The solution: This is a challenge primarily because HR typically does not face revenue, and executives tend to care more about departments that do. But it can be overcome. What HR departments need to do is focus more in two areas:
- Tying data to bottom-line growth or cost
A big example here would be turnover. If you can have real data on the cost impact of turnover, including turnover by department, turnover by manager, turnover by recruiter, turnover’s impact on project budgets, etc. that will resonate. It can begin to showcase turnover as a problem, as opposed to a natural element of doing business. Same with HR software purchasing. How did it save time? How did that time correlate to saving money? Everything needs to be data-first and cost efficient. If you bring data and hard money figures to the table, executives will buy in to HR initiatives of all types, from recruiting to employee engagement (experience) to diversity, etc.
The war for talent
Hiring is one of the biggest challenges for HR and likely will be for the foreseeable future. It’s a candidate-driven hiring market which means competition for good workers is stiff. So how can your HR team ensure top talent flows into the company?
The solution: We’ve been talking about this for decades, and we’re not perfectly clear on it yet, but there’s a combination of factors you can pursue to get the best people possible. First, use more assessments. They’re valuable pre-hire predictors. Secondly, double down on employee referrals. Your employees have worked with other people at other jobs, and they know who gives their all and performs well. It takes some of the guesswork out of hiring, and eliminating that guesswork — referrals and assessments both help with this — is a huge boon to recruiters, hiring managers, and the recruiter-hiring manager relationship. Once you have ideally top talent in-house, make sure you are caring about and focusing on the employee experience, so that you don’t lose people to churn quickly.
More personalized employee experiences
How can you make work more personal? This challenge is especially important when thinking about onboarding new hires. Everyone learns differently so how can you tailor a welcoming experience to each new recruit?
The solution: Ideally this is going to happen as software improves.

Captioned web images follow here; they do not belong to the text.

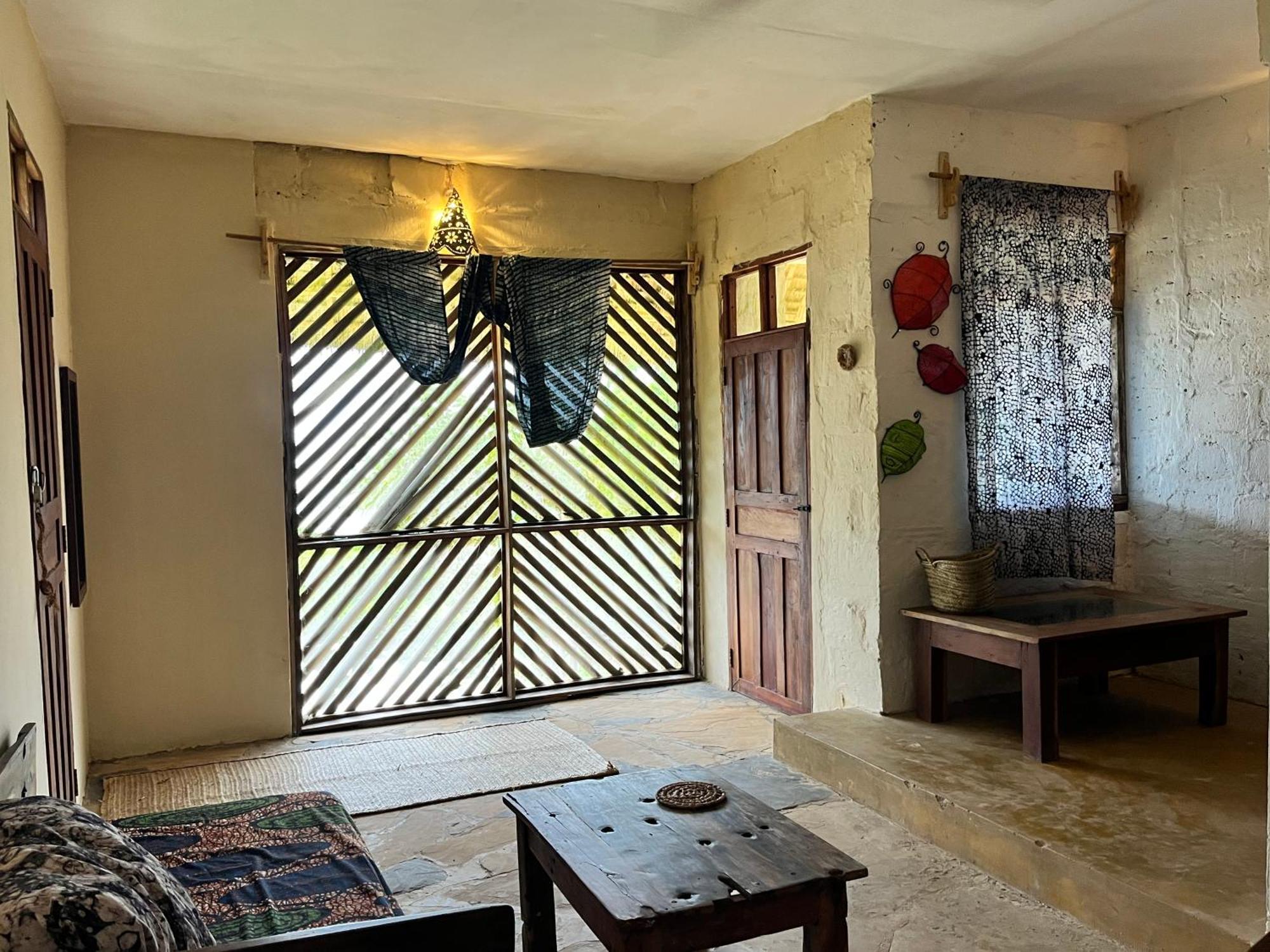 Sazani Beach Lodge And Tidal Lounge Nungwi Exteriér fotografie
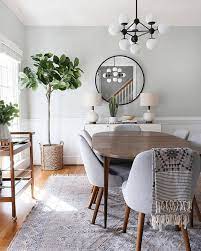 Check Out This Dining Area Ideas For Your Projects The Post Dining Area Ideas 64 Farmhouse Dining Rooms Decor Trendy Dining Room Dining Room Furniture Modern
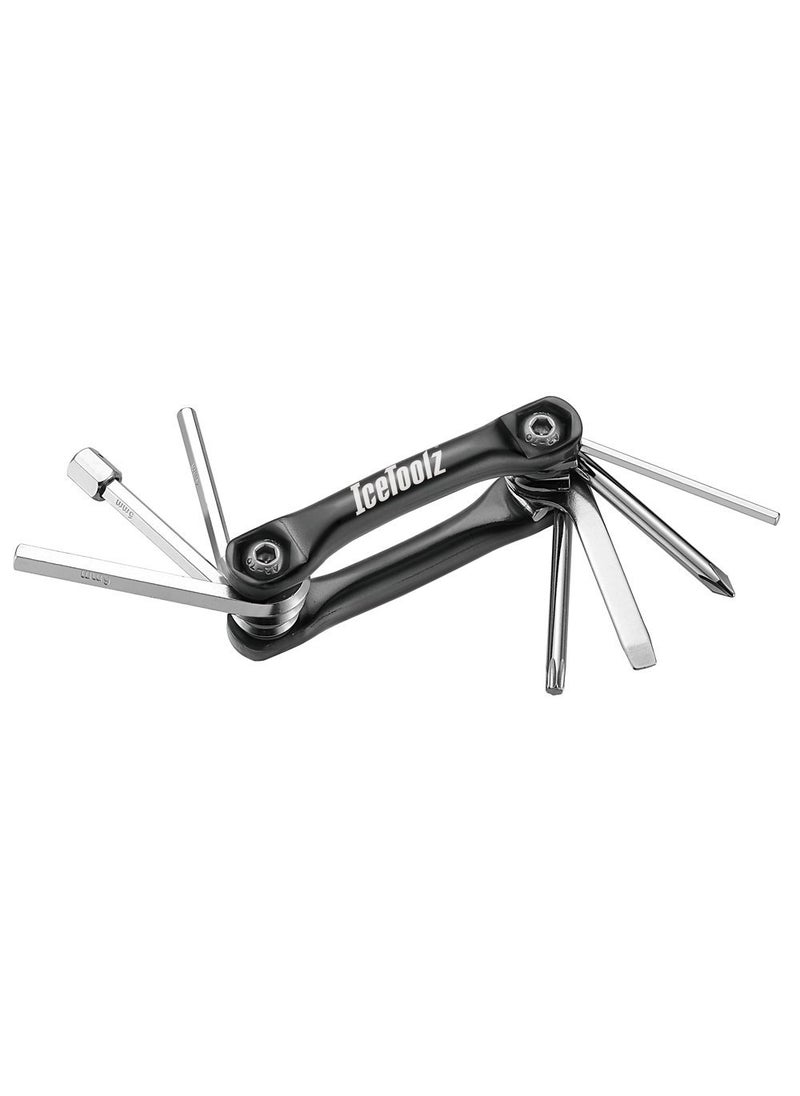 IceToolz Icetoolz 91B5 Urban8 Multi Tool 
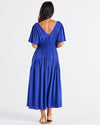 Louisa Dress Blue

Software can allow for things like different learning rates and interests, customized modules of information, more ownership over scheduling or benefits, and easier access to a shared pool of company resources. It is hard to compare a 10-person organization to a 1,000-person organization along this line, but software is the most logical answer here. Employees don’t want to feel “like a number.” They want to believe they are a unique member of the organization — and scaling that experience will likely continue to happen through the evolution of software.
This is an important challenge that will only pick up more steam in the year ahead. How can we make our workspaces both diverse and inclusive? From hiring to developing, employers across the country are seeing the very real benefits of a diverse workforce and taking the steps to make it happen.
The solution: Again, more transparency is needed. Keep track of hiring stats to show real data on the type of employees being brought into the company. Then try to tie the need for diversity to the bottom line more. Show senior decision-makers why it matters. Explain the need for both racial diversity, gender diversity, and cognitive diversity — the latter meaning different ways of thinking and approaching problems. This is a slow and steady battle to be more diverse in organizations, but it can be achieved with data and bottom-line ties.
And of course, once you have your great new hires set up in their new roles, how do you keep them happy and healthy? Talented employees can burnout without care so ensuring they are in a healthy environment can have an impact on your productivity levels as a company.
The solution: Same as above — and keep the focus on healthcare costs, which have become a concern for employers. Healthcare costs for an employer are likely to rise 6% in 2020, which has a huge impact on salary adjustments, bonuses, and general wage increases. Remember: the cost of goods is only going to increase. If healthcare prevents wages from increasing, society struggles. So use wellness initiatives as a way to try and control that healthcare cost number, and senior decision-makers will be more invested.
Every challenge has a solution
The people side of the business, which HR tends to handle, has a lot of challenges facing it. There’s no denying or running from that. But all of them can be solved gradually, usually with a focus on transparency, data, and the income streams of the business. New technology can help address some of the issues coming up and training programs or improving the work environment can help with even more. It’s important to remember when things seem daunting that there’s always a solution even if it’s something new. So in the coming years, don’t let the big challenges stall your drive for improvement and change. The talent landscape is shifting and wise HR teams are proactively adjusting with it.